##### Input records #####

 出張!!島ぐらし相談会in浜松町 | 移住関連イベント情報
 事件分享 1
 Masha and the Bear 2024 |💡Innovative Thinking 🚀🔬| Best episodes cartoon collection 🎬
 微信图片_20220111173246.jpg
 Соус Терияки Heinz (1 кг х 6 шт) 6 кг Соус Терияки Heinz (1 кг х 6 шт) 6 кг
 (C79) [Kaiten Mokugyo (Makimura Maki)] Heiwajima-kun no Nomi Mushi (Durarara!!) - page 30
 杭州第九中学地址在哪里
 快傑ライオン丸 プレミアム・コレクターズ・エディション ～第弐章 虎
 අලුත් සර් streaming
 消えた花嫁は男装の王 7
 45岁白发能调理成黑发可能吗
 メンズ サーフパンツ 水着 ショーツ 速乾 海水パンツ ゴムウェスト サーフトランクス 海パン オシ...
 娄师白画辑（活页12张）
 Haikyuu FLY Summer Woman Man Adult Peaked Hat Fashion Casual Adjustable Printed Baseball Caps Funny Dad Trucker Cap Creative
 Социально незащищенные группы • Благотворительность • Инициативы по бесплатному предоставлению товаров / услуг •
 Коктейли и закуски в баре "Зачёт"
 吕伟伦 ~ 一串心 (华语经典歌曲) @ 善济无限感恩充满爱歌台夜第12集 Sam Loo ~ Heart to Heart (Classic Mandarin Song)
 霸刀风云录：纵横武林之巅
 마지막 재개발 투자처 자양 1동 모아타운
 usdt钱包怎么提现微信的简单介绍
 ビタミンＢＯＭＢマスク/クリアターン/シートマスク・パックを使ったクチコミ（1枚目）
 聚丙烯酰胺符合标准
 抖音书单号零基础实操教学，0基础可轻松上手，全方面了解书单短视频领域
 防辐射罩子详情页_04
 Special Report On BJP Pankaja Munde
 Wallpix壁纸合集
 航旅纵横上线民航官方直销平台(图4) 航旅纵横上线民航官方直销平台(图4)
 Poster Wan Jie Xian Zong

#####

- Exercise brief
Only the lines from the one with "ビタミンＢＯＭＢマスク/クリ" through the last line of the records belong in the answer, each copied exactly.

- Output of the task
 ビタミンＢＯＭＢマスク/クリアターン/シートマスク・パックを使ったクチコミ（1枚目）
 聚丙烯酰胺符合标准
 抖音书单号零基础实操教学，0基础可轻松上手，全方面了解书单短视频领域
 防辐射罩子详情页_04
 Special Report On BJP Pankaja Munde
 Wallpix壁纸合集
 航旅纵横上线民航官方直销平台(图4) 航旅纵横上线民航官方直销平台(图4)
 Poster Wan Jie Xian Zong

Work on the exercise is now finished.